## Task to complete
Word for word, repeat the data that follows. Do not include the pictures.

━━ Available data

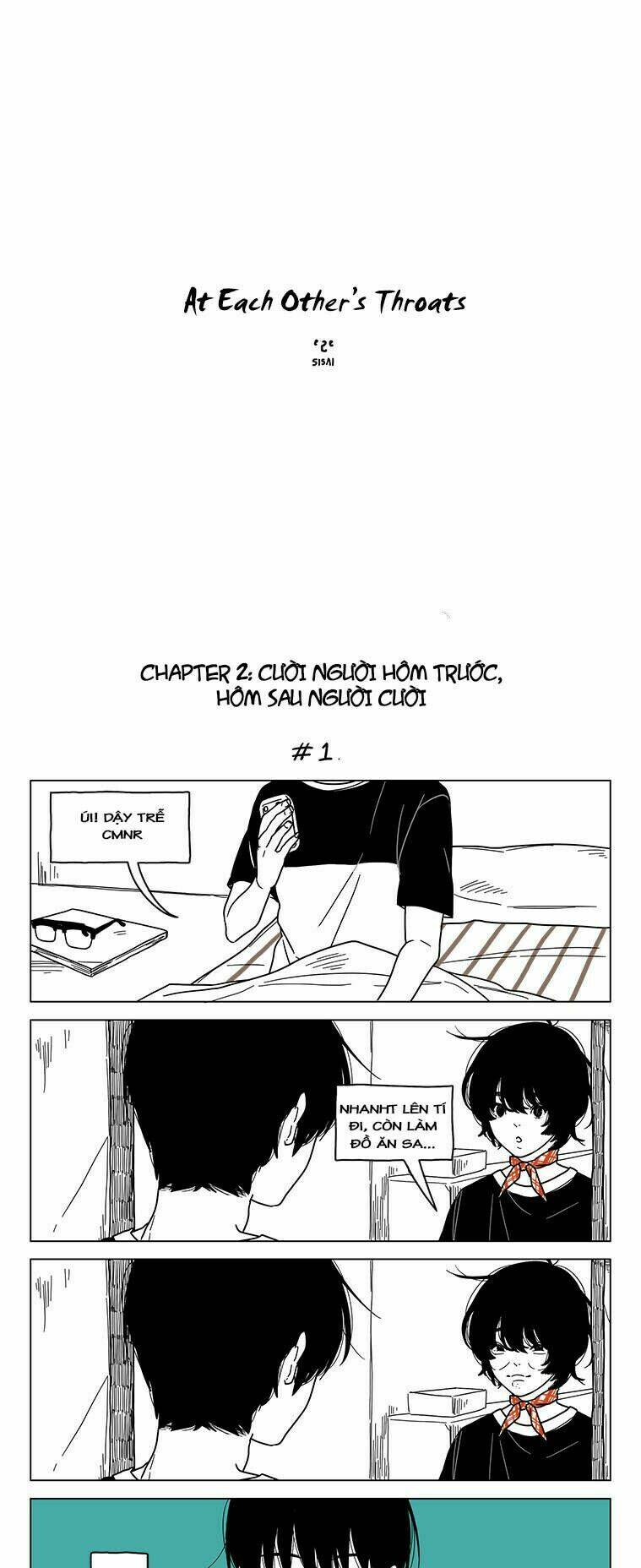 At Each Other\’s Throats: Chapter 2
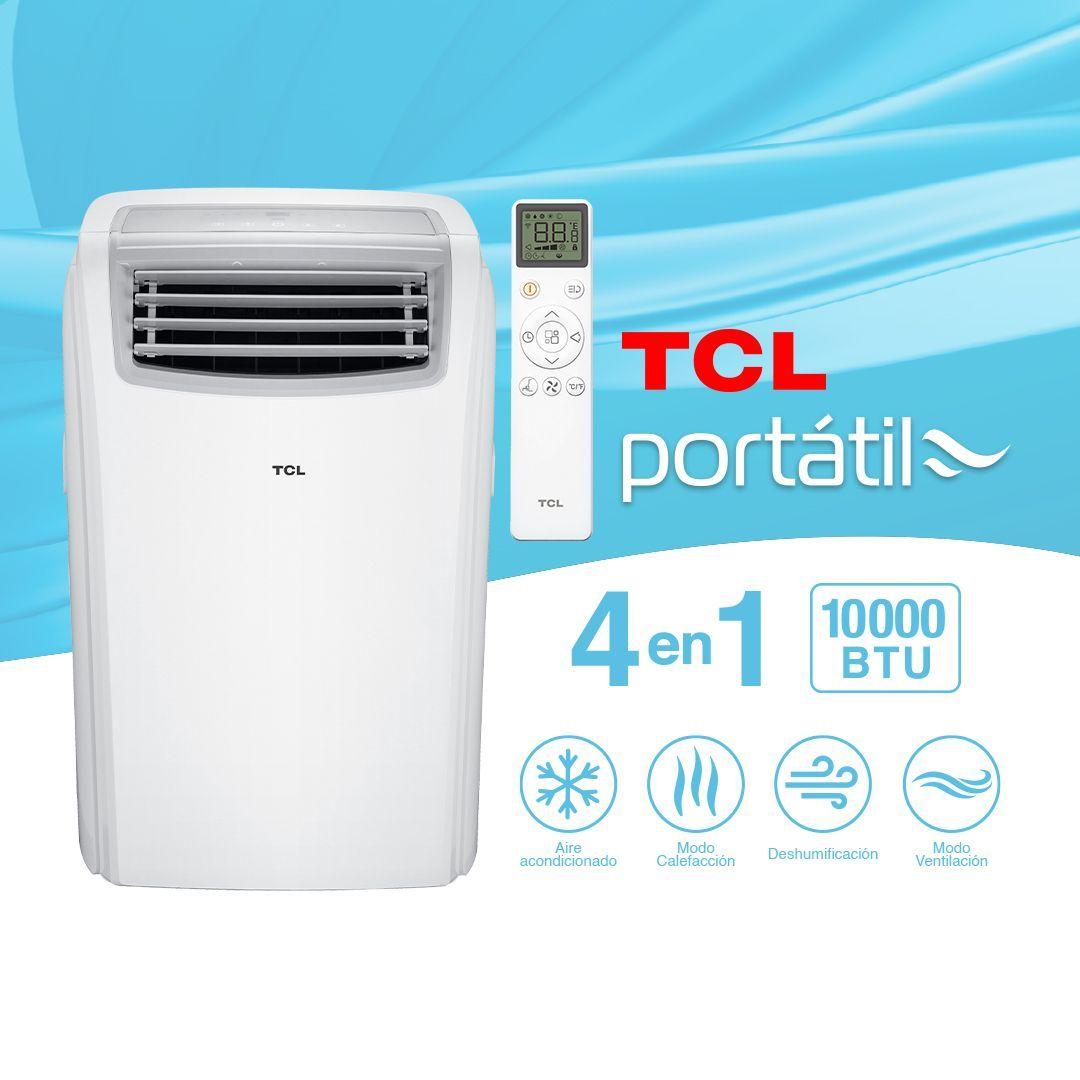 Aire Acondicionado Frio-Calor Portátil TCL 10.000btu 4en1-13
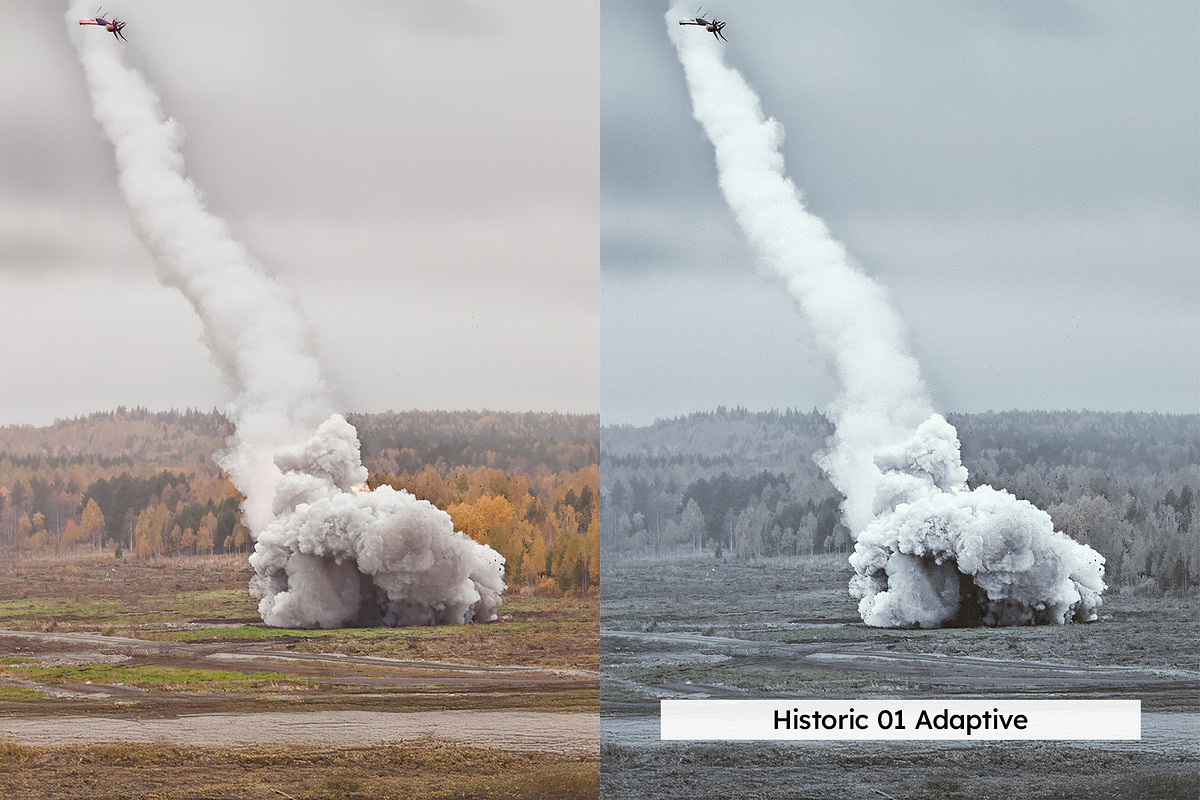 20 Muted Military Lightroom Presets, a Preset Add-On by SparkleStock (Photo 4 of 13)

━━━━

## Result of this task
 At Each Other\’s Throats: Chapter 2
 Aire Acondicionado Frio-Calor Portátil TCL 10.000btu 4en1-13
 20 Muted Military Lightroom Presets, a Preset Add-On by SparkleStock (Photo 4 of 13)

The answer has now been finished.